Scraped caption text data
========
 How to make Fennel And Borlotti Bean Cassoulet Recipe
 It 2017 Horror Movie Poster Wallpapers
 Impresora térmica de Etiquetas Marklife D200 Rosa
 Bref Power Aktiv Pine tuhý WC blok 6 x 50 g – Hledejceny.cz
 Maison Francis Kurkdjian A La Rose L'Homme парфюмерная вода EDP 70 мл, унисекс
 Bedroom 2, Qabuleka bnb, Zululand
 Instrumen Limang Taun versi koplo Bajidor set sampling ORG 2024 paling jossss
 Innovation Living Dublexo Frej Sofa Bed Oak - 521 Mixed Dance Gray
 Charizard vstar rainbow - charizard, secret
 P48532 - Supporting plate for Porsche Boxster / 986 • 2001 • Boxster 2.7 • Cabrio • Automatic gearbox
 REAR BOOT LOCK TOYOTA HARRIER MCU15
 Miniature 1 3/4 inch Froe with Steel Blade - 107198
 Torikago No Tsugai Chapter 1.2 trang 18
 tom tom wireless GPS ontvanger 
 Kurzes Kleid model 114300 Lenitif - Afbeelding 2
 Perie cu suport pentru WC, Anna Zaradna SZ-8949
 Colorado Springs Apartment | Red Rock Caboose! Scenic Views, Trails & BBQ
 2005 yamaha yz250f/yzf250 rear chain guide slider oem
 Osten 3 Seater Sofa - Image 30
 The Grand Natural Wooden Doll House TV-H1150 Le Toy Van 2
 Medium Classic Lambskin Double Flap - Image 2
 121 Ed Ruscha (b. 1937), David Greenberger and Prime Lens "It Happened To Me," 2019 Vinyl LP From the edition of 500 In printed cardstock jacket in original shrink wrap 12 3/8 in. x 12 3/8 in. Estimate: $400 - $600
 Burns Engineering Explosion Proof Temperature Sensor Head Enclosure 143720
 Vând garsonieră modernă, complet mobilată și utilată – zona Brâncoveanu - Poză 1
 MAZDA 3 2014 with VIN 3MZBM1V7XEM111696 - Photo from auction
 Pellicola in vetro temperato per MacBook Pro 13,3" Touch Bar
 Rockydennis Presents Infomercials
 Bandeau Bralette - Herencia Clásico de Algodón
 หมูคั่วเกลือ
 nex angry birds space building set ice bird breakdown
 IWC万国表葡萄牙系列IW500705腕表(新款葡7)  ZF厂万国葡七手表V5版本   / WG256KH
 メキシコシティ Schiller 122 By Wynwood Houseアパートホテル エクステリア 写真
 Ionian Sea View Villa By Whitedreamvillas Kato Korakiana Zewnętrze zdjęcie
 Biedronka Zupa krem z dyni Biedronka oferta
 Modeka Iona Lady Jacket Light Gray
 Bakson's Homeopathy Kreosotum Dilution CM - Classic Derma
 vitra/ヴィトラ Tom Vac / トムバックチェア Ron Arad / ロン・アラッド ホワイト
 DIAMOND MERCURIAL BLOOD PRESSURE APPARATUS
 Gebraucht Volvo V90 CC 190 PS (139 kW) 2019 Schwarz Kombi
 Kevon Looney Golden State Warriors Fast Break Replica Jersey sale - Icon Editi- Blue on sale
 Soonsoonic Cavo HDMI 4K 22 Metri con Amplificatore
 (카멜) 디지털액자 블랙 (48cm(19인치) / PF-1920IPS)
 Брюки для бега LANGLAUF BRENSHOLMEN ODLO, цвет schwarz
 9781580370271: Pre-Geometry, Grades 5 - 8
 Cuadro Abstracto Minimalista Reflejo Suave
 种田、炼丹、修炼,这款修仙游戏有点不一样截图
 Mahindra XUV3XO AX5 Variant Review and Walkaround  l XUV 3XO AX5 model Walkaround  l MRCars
========
_Activity_
All lines above from the one with "Kurzes Kleid model" to the one with "Medium Classic Lambskin", inclusive, should be copied exactly, and no other lines.

_Completed task_
 Kurzes Kleid model 114300 Lenitif - Afbeelding 2
 Perie cu suport pentru WC, Anna Zaradna SZ-8949
 Colorado Springs Apartment | Red Rock Caboose! Scenic Views, Trails & BBQ
 2005 yamaha yz250f/yzf250 rear chain guide slider oem
 Osten 3 Seater Sofa - Image 30
 The Grand Natural Wooden Doll House TV-H1150 Le Toy Van 2
 Medium Classic Lambskin Double Flap - Image 2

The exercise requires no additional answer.